“Are you your father’s pet?” he asked.
“I am not his pet,” I barked, the anger finally plowing through the desire and painting my words with a dire warning.
“No? So you are his servant, then?” He spoke slowly as he moved closer, a smile creeping around his lips as he pushed against me, his hand hard against my hip.
“No.”
“So, you are like all the other Chosen. You are his slave.”
This time, I erupted, my anger boiling right to the surface as I rushed him. My skin heated against his in warning as I wrapped my hand around his neck, pushing him into the rough, stone wall we stood beside with a jolt of force and power.

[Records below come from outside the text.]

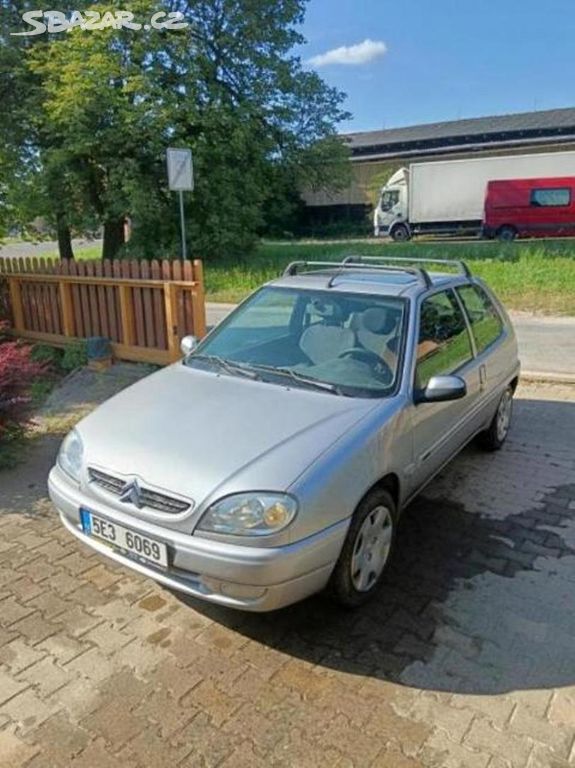 Citroen Saxo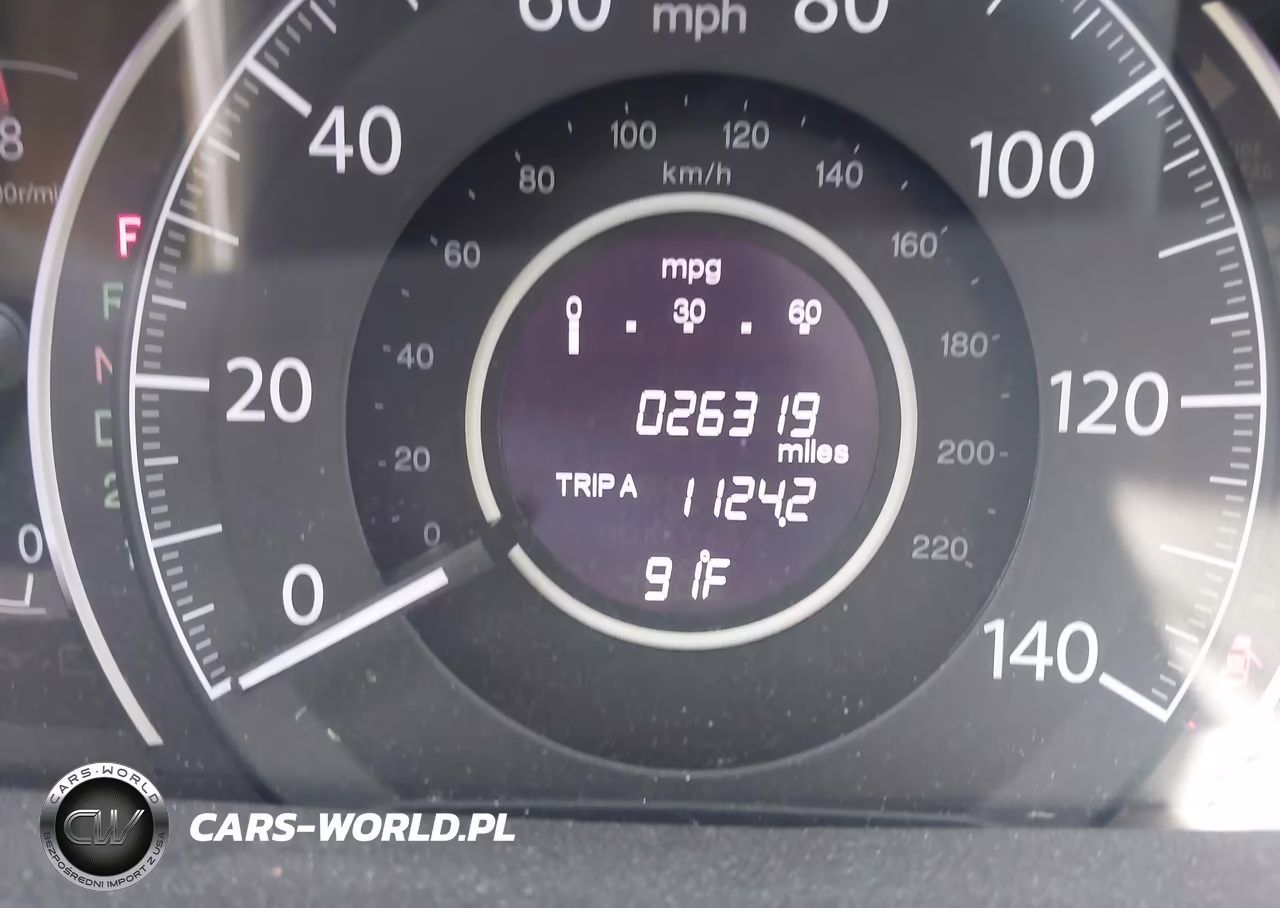 2013 Honda Cr-V Ex VIN:5J6RM4H52DL030599 - 14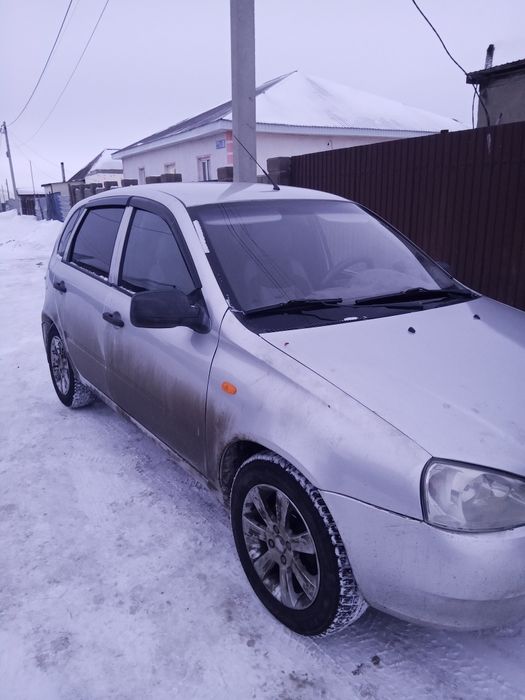 Продам Ваз калина 2011г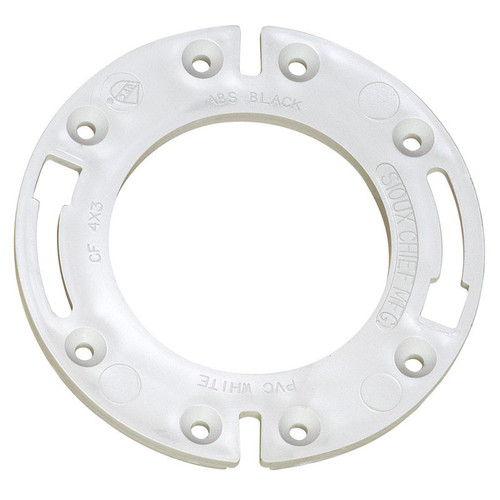 Sioux Chief - 886-R - Raise-A-Ring PVC Closet Flange Extension Ring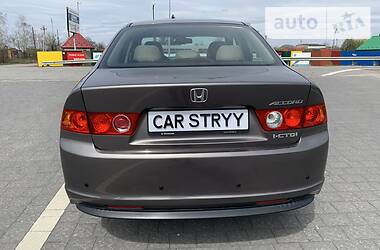 Седан Honda Accord 2007 в 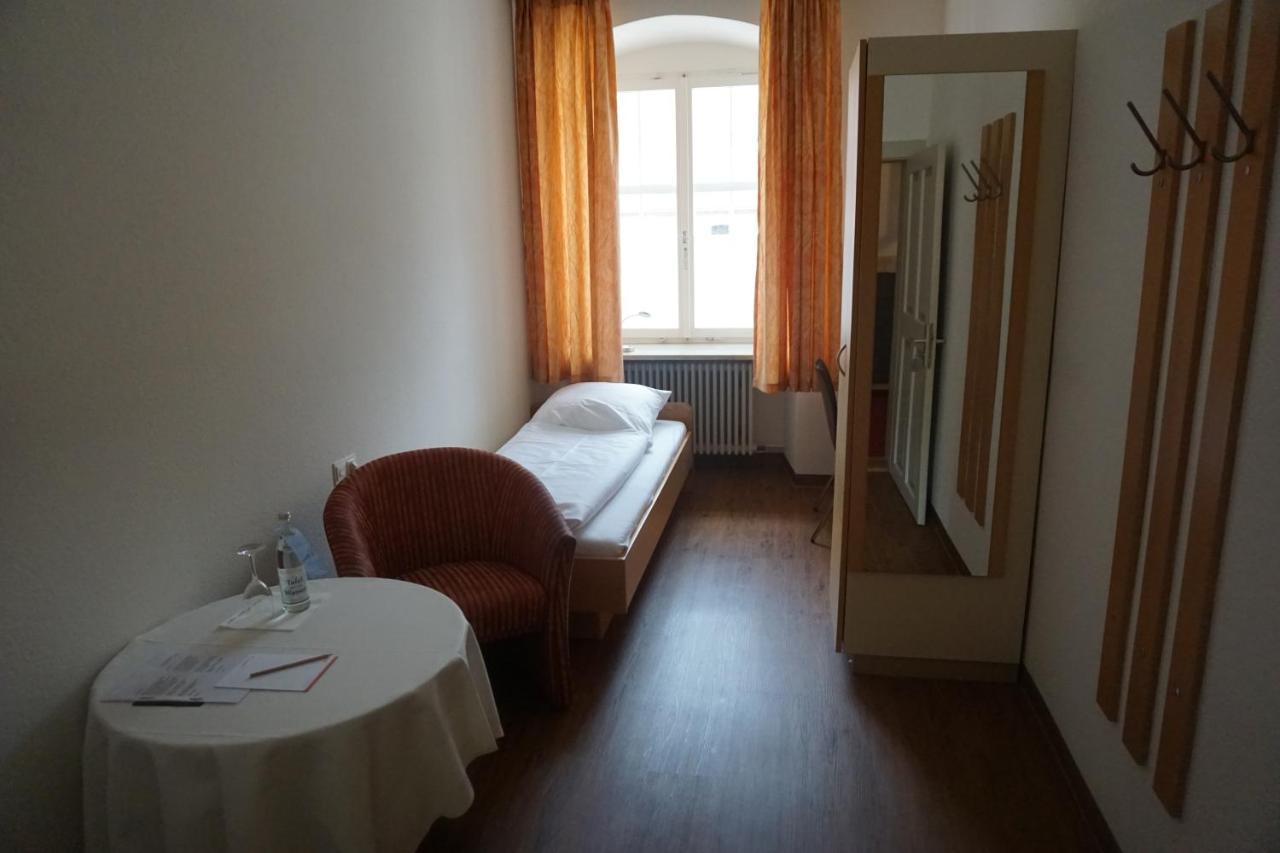 Tagungshaus Im Kloster Neresheim Hotel Eksteriør billede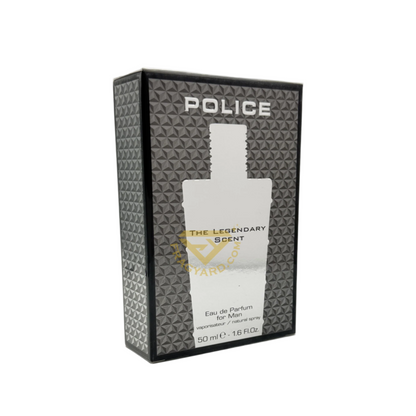 POLICE THE LEGENDARY SCENT EAU DE PARFUM FOR MEN 50ML 1.7 FL OZ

His eyes widened in shock at the force, his smile still a grating insinuation as he looked down at me, not a drop of fear lining his face.
Clenching my teeth together in a foolish attempt to control my anger, I pressed him against the wall again, slamming his head against the stone. Again, the force didn’t even seem to bother him.

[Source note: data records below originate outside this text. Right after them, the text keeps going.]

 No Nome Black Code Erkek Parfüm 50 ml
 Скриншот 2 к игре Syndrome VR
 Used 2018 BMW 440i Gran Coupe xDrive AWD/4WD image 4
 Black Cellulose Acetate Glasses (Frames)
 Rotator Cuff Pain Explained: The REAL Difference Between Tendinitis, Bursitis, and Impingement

“I am not his servant,” I hissed, my anger continuing to boil due to his obvious lack of response.
“Then what are you?” His voice was strained as he heaved through the pressure I was placing on his neck, the deep rumble of his voice sounding like a laugh in my ears. “Because you seem like his slave. You do his dirty work. You take the punishments for each failure without question. You dote on him, and he what? Spits on you? Slices down that beautiful back of yours?”

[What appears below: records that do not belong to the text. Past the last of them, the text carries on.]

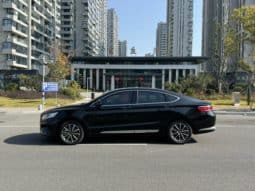 
										Geely Borui, 2021 full									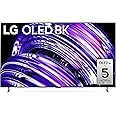 LG 77-Inch Class OLED Z2 Series Alexa Built-in Smart TV, 120Hz Refresh Rate, AI-Powered 8K, Dolby Vision IQ and Dolby Atmos, WiSA Ready, Cloud Gaming (OLED77Z2PUA, 2022)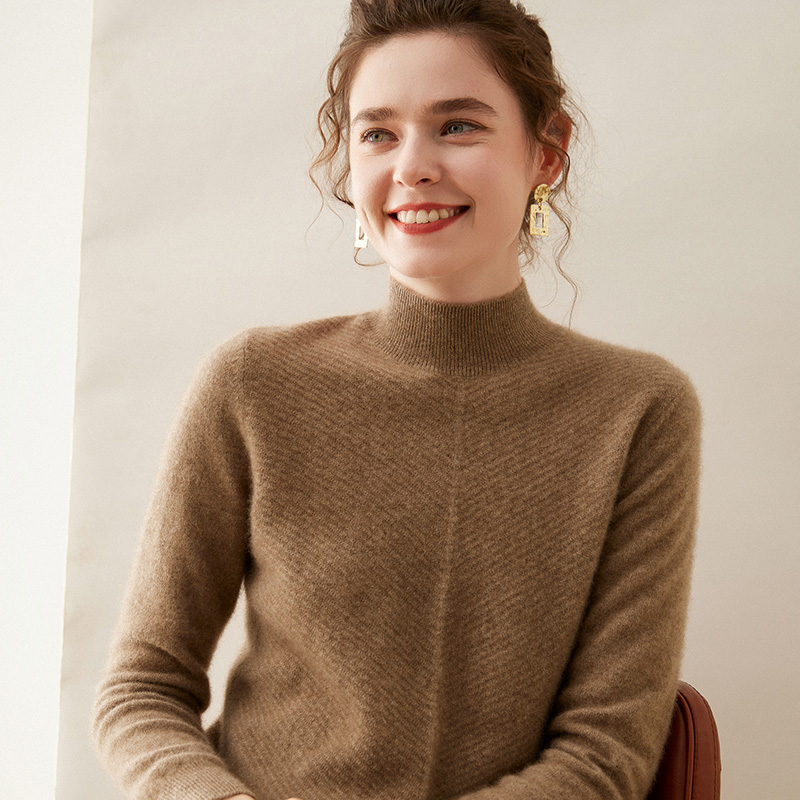 WinvyNee Kadın Kazak Kaşmir Me - Cashmere Sweater Formal incelemesi ve fiyatı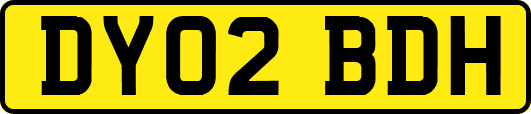 DY02BDH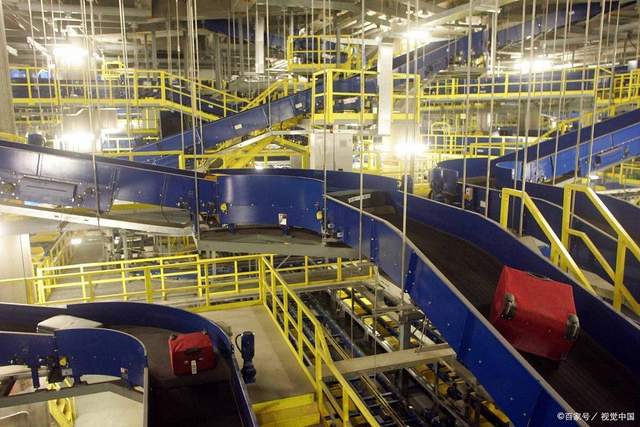 The advancement of automatic sorting equipment brings endless convenience to the express delivery and e-commerce industries(图2)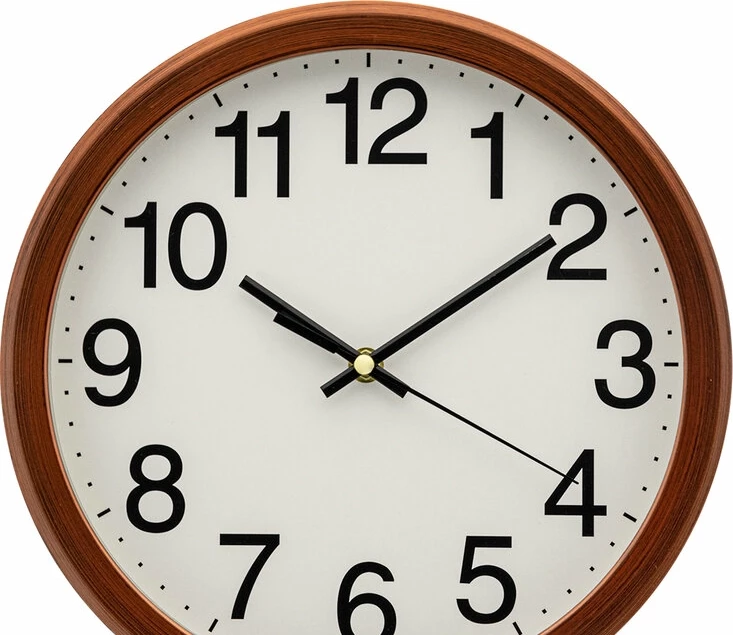 Настенные часы Алмаз В208 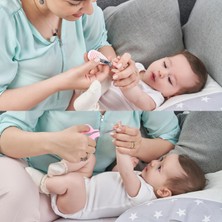 Wee Baby Bebek Bakım Seti - Pembe (Yüzen Ördekler Hediyeli)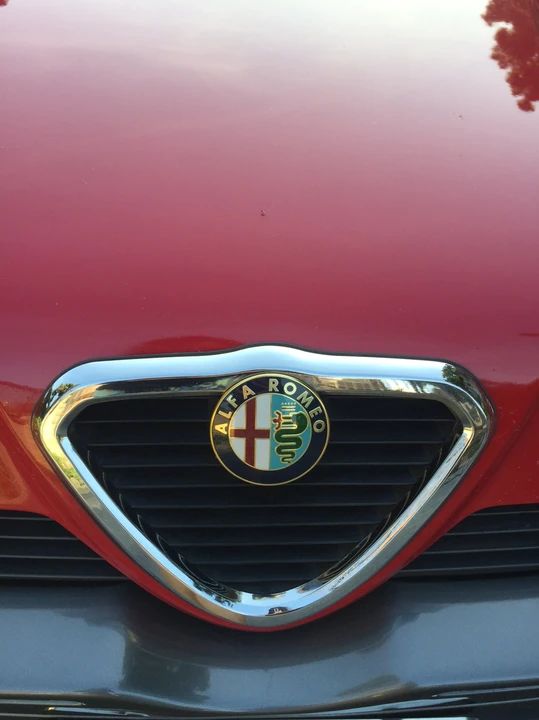 1993 Alfa Romeo 164 - Image 4 of 31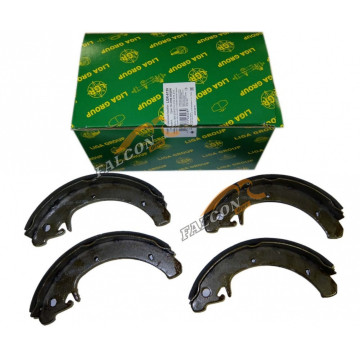 Колодка торм зад -2108 (LGR) LGR-6139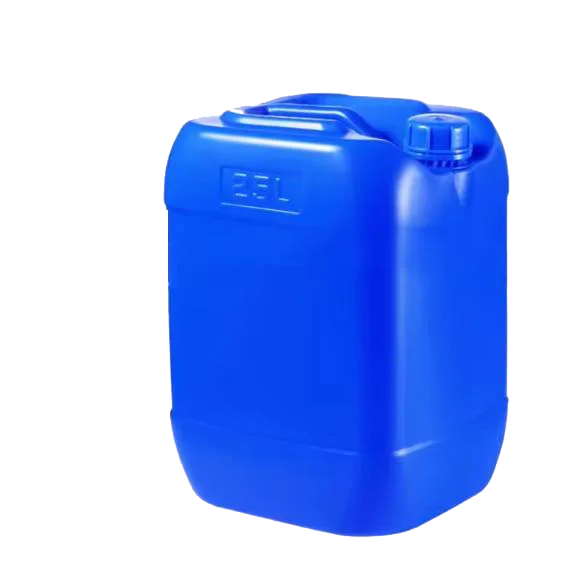 25 л пластиковый ковш Hdpe для химической промышленности пластиковые штабелевые барабаны/ведра/бочки воды квадратный барабан 300 мм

Without warning, his hand snaked around me, even from where I held him against the wall. His fingers were soft as they moved under my shirt and up my spine, his magic a deep, powerful rumble as it moved into me. I sighed at the caress, my magic reacting with a powerful flare.
Attempting to focus, I stared at him, the glare fading as the Black Water within me reacted to his magic. The poison pressed against my spine as it tried to connect with the man who was the first of its power.
The pleasurable warmth his magic gave me shifted to pain as the magic reacted, my body jerking away from his in an attempt to escape the agony.
“Don’t touch me,” I barked in warning, my magic pressing against him aggressively and slamming him back into the wall again. A dull thud boomed through the cave at the impact, something I knew should have cracked his bone. However, his smile didn’t leave his face, his eyes bright with greed as he pushed my magic off him, his own ability pushing back with as much, if not more, force.
“So that is how you can see. He put the water inside of you … Beautiful.” His eyes grew wide and greedy as he took a step toward me, his fingers twitching as if he was holding back from grabbing me, from taking control of something that was his all along.
I stood before him, my heart thundering in my chest, back straight, as I tried to decide if I should attack him or not. It would be easier to turn him into my father and be done with it. But I couldn’t think, the pressure in my chest increasing with either option.
“So, a servant,” he mused, and my gut twisted at the insinuation. “But more than that, you are a science experiment, as well. He doesn’t value your existence at all.”
“Don’t spread such lies, Sain!” I shouted, my magic seeping from my fingers to spark against the stone in railroad tracks of lightning.
Sain didn’t even seem to notice my anger, notice the warning of my magic as it left me.
“You are worth so much more than that,” Sain whispered over the noise, his smile distorting his face as he took another step back. “So much more.”
“No!”
Sain’s eyes widened at my shout, his focus leaving me for no more than a second as he looked to the hall behind us. Fear was clear on his face before he stepped away, his back arching into the familiar cower, his shoulders hunching, his foot turning in.
The powerful man I had stood in front of a moment before wilted into what I had perceived as a pathetic weakling previously, the disguise one that had fooled me for centuries. Sain, I realized with a start, was more than a man giving false sights, more than a man manipulating the leaders on either side of this war, more than some pathetic game played by a pathetic man.
He was power.
Sain looked up at me as the loud, hollow noise of footsteps echoed through the hall behind us, the sound mounting as one of my father’s guards came to investigate the noise.
“Ovi,” Sain whispered, his voice deep and strong as he looked up at me from his folded position. “The water within you is strong, as strong as you are. No one else could hold that and use it like you have, like you can. He doesn’t see that. He doesn’t value that. He doesn’t care. But I see what you truly are. I see what you can become. Be alert, Ovi. No matter what you say, he will only use you. Don’t let him. I know another way.”